(T2) was removed immediately after the fourth work bout (approximately 11:30 a.m.). The final blood sample (T3) was withdrawn after the final walk (approximately 3:30 p.m.). Collecting tubes were immediately placed into ice and transported to the laboratory for centrifugation (4°C, 10,000 rpm); EDTA plasma or serum was removed and stored (-20°C) for subsequent analysis.
Aldosterone was quantitated in serum using commercially available kits purchased from the Diagnostic Products Corporation (Los Angeles, California) and following techniques described in their technical bulletin (Aldosterone, No Extraction, Coat-A-CountR). This technique provides an approximate detection limit of 16 picograms (pg) per ml and is extremely specific for aldosterone; the range for this hormone is usually 4 to 31 nanograms (ng) per deciliter in salt-replete, standing adults (Aldosterone, No Extraction, Coat-A-CountR). Plasma renin activity was estimated by the quantitation of angiotensin I in EDTA plasma. Commercially available test kits (RIANEN Angiotensin I [125I] RIA Kit) were purchased from DuPont NEN Products (Boston, Massachusetts), and the assay was performed according to techniques outlined in their technical manual (RIANEN Assay System, Angiotensin I, Instruction Manual). When endogenous converting enzyme and angiotensinases of human plasma are appropriately inhibited, then angiotensin I formation quantitatively reflects PRA. Control values in adult men ordinarily range from 1 to 4.1 ng angiotensin I formed per ml per hour (Young, 1987).
Arginine-vasopressin was quantitated in EDTA plasma according to the techniques outlined by LaRose et al. (1985). One ml of EDTA plasma was treated with 10 µl per ml of 50 percent trifluoroacetic acid to acidify the sample to a pH of 4.0 to 4.5. Rabbit antibody to arg8-vasopressin was purchased from the Calbiochem Corporation (San Diego, California), and 125I-AVP was purchased from the DuPont NEN Corporation.

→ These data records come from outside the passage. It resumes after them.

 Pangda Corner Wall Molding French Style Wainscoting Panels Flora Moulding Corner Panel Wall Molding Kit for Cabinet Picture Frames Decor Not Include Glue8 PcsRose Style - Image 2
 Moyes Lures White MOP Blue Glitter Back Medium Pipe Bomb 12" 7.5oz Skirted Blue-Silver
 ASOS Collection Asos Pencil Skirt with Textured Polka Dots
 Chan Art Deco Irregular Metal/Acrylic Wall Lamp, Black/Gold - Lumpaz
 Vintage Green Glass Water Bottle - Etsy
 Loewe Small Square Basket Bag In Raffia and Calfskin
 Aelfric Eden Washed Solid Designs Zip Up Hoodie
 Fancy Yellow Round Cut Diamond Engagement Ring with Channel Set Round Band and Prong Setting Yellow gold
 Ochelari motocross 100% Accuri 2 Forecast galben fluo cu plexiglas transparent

Prepared standards were purchased from the Incstar Corporation (Stillwater, Minnesota). The range of circulating AVP in healthy adult males has been reported to be non-detectable to 4.7 pg per ml (Incstar, Vasopressin 125I RIA Kit).
Repeated measures analysis of variance was performed using statistical package BMDP4V (BMDP Statistical Software, Los Angeles, California). Tukey's mean critical difference test was applied post hoc to determine significant differences of appropriate mean values. The null hypothesis was rejected at p < .05.